§ **EXERCISE REQUIREMENTS**:
Omitting all pictures, print the lines of the listing from the one containing "Étiquette Pour Bouteilles" through the final line, both ends included, with no other text.

• • • • •

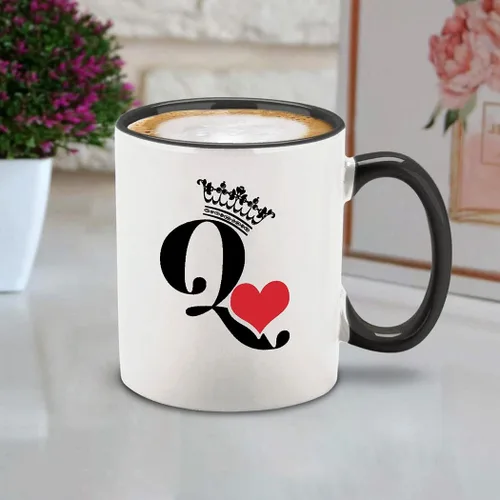 Miniatura 6 de shop4ever® King & Queen of Hearts - Juego de 2 tazas de café de cerámica para parejas, taza de té de 11 onzas, regalo para él y ella (mango negro)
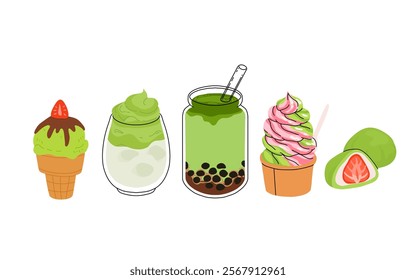 Matcha tea, latte, iced matcha. Vector set with japanese matcha desserts. Collection with mochi, cake and roll cake, pancakes, macaron, soft serve ice cream, matcha tart and cupcake with strawberry.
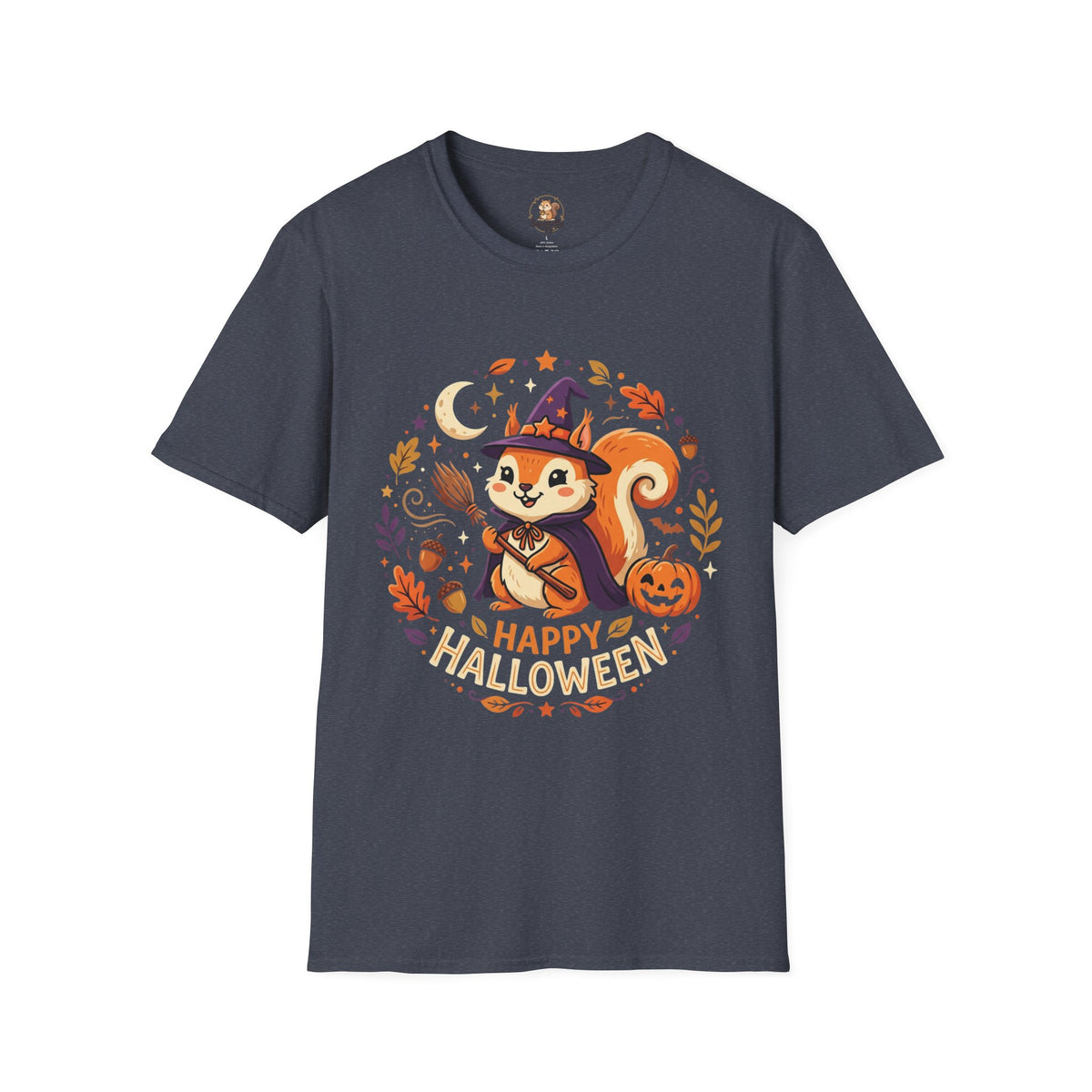 Happy Halloween Squirrel T-Shirt — Cute Witch Squirrel Pumpkin Fall Tee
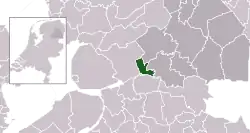 Highlighted position of Meppel in a municipal map of Drenthe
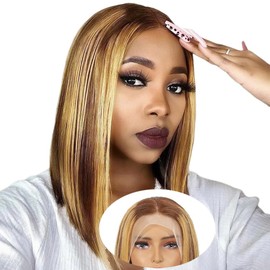 Brazilian Human Hair Wig 5.1x1.5 Inch Bob Lace Front Wig Natural Short for Women Natural Brazilian Wig Human Hair Highlight Ombre Blonde P4/27 Color (12 Inch)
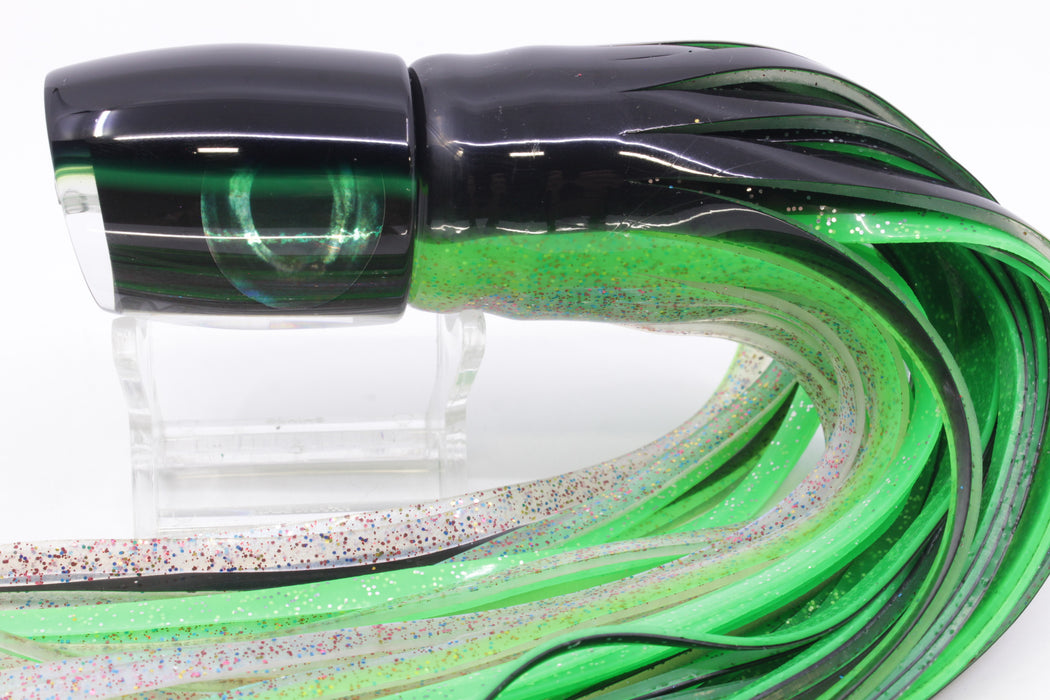 Moyes Lures Black Pearl Black-Green Back Taxi Eyes Medium J-Boy 12" 7oz Skirted
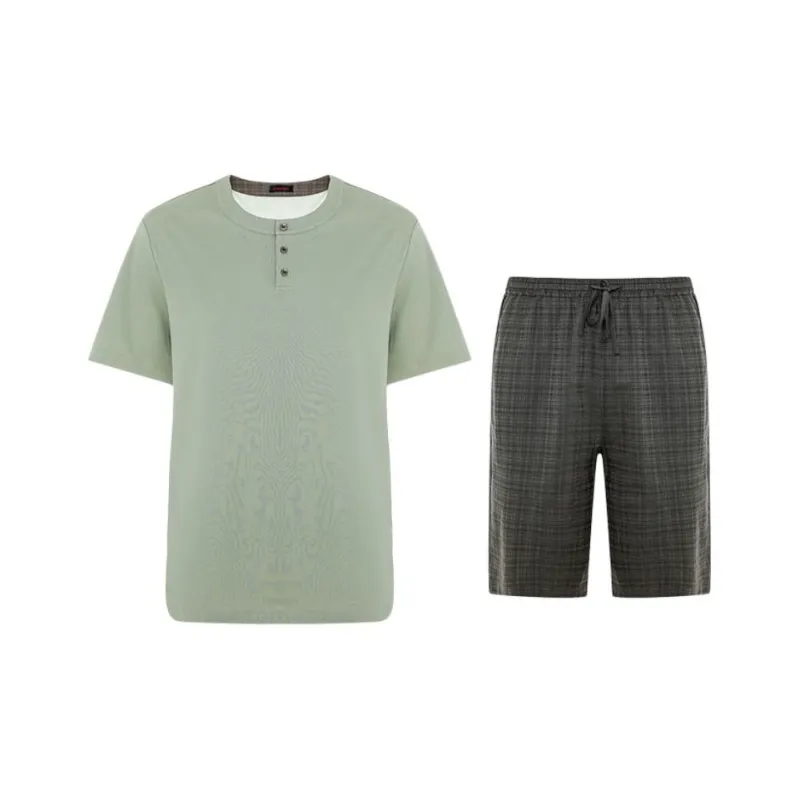 AIMER Pajama Set Men's Gray Tea Green-0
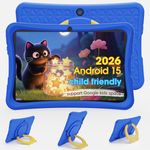 DigiLand Kids Tablet 10.1 inch,Android 15 Tablets,6GB RAM+32GB ROM (Expand to TF) Parental Control,Kids Software Pre-Installed,Dual Camera 2MP+5MP,Android Learning Tablet with Proof Case(Blue)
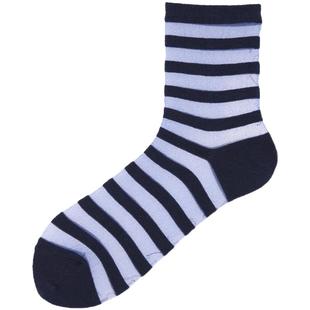 Tabio条纹袜子女舒适高弹透气金葱玻璃丝袜休闲日系百搭中筒袜潮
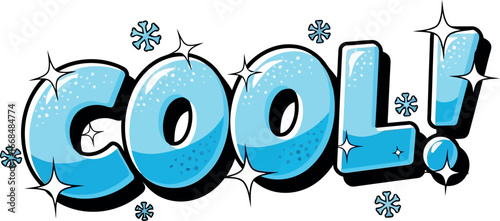 Cool word art with sparkling snowflakes and bright highlights vector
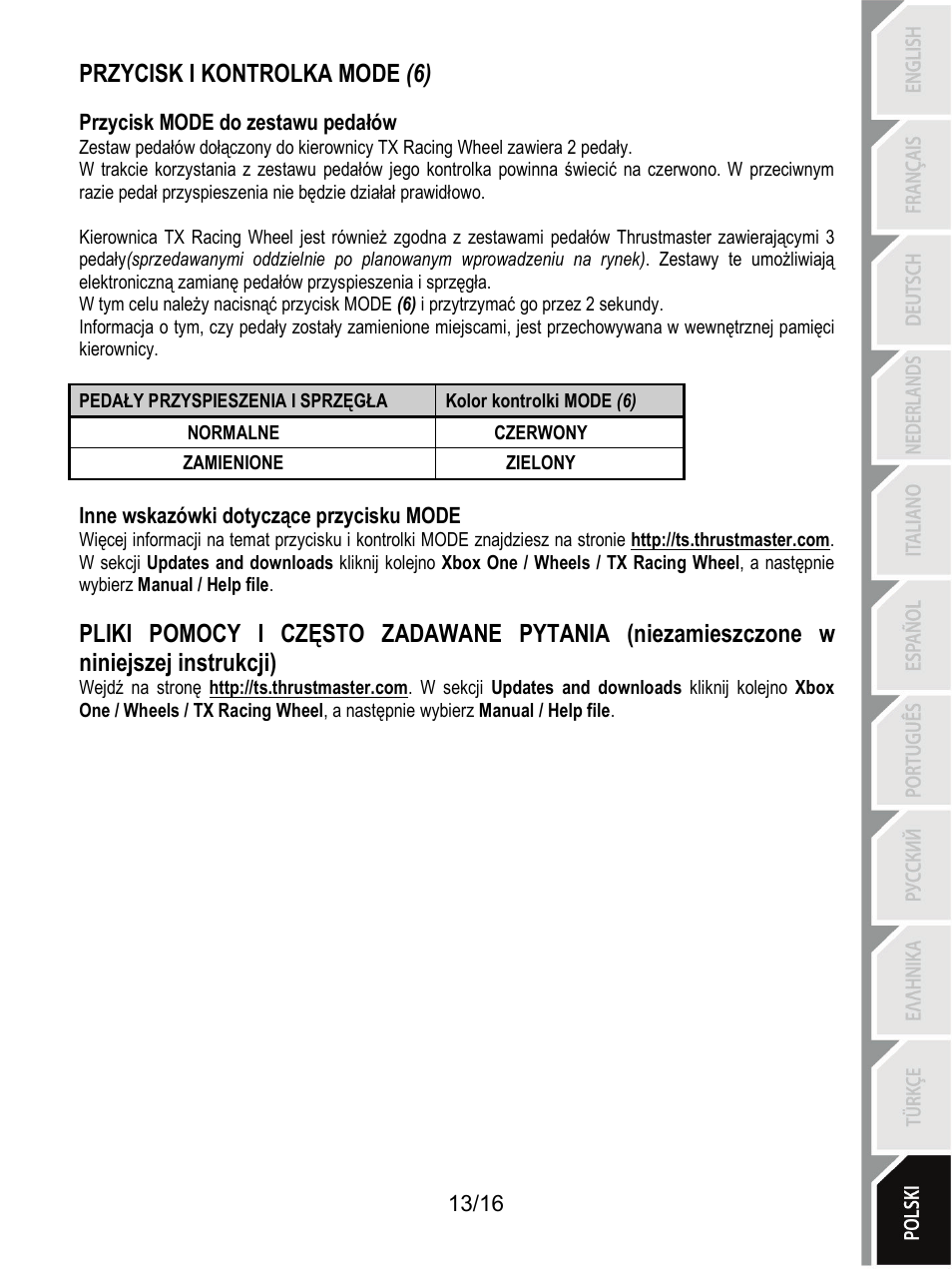 Przycisk i kontrolka mode (6) | Thrustmaster TX Racing Wheel User Manual | Page 174 / 209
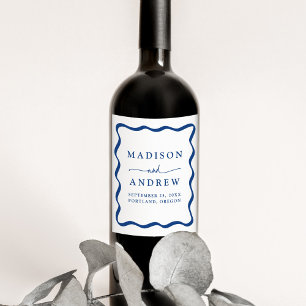 Étiquette Pour Bouteilles De Vin Mariage Cadre Moderne Bleu Ondulé
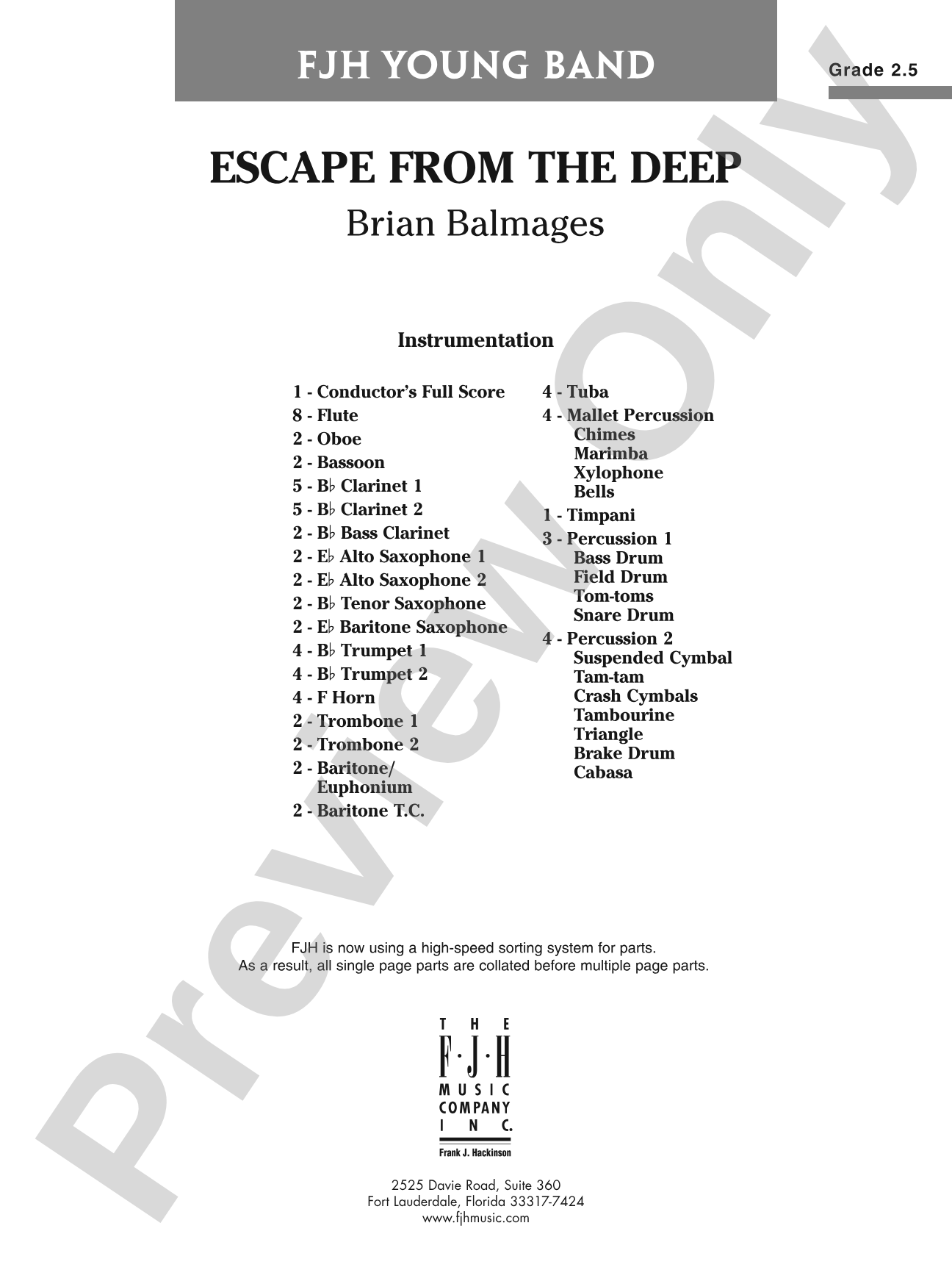 Escape from the Deep: Concert Band Conductor Score & Parts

• • • • •

§ **ANSWER SPACE**:
 Étiquette Pour Bouteilles De Vin Mariage Cadre Moderne Bleu Ondulé
 Escape from the Deep: Concert Band Conductor Score & Parts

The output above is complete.